Days after the Windrush migrants’ scandal triggered a mini Cabinet reshuffle, James Brokenshire MP returned to the Cabinet to take the reins at MHCLG, becoming the sixteenth minister to hold the portfolio for housing since 2000. Just days after that, the English Local Elections was widely viewed as a bell-weather on May’s ability to control Brexit as many went to the polls for the first time since the 2017 General Election.

Within London, however, housing was widely billed as the definitive issue. London First found that 43% of those renting in London agreed that it would help them to decide how to vote in the elections. This was not surprising given that late last year Hometrack found that house prices in London are 14.5 times the earnings of an average Londoner – the highest ever on record.

More important still, Londoners cast their ballots up and down the capital in the shadow of Grenfell Tower – seen by many as epitomising the gulf between the rich and the poor in their experience of housing. And yet, defying the political punditry and emotive circumstances, the Conservatives held onto control in Kensington and Chelsea, with Labour taking just two seats in a high-turn out year.

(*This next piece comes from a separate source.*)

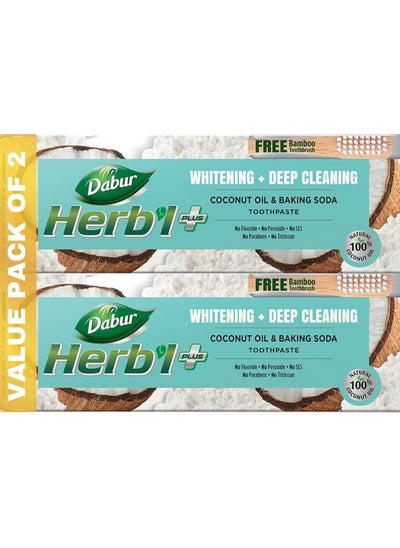 Buy Dabur Herbal Plus Coconut Oil & Baking Soda Toothpaste (2 x 150g + Bamboo Toothbrush) | Whitening and Deep Cleaning | Free from Fluoride, SLS, Triclosan & Parabens | Value Pack in UAE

While the Kensington and Chelsea Tories may be breathing a sigh of relief, they do so in part thanks to our short attention span and voracious appetite for news. Just last night, David Dimbelby steered the questions away from Grenfell during Question Time, despite it being held just half a mile from the site with members of Justice4Grenfell in the audience.

Simply put, our political cycles outpace the long-term planning needed to combat the housing crisis. Theresa May wants the UK to build 300,000 new homes a year. With a former lawyer and her long-term ally at the helm of MHCLG, it is hoped that Brokenshire will be the safe pair of hands needed to steer this country’s housing on a smooth course – that is for as long as he stays in office.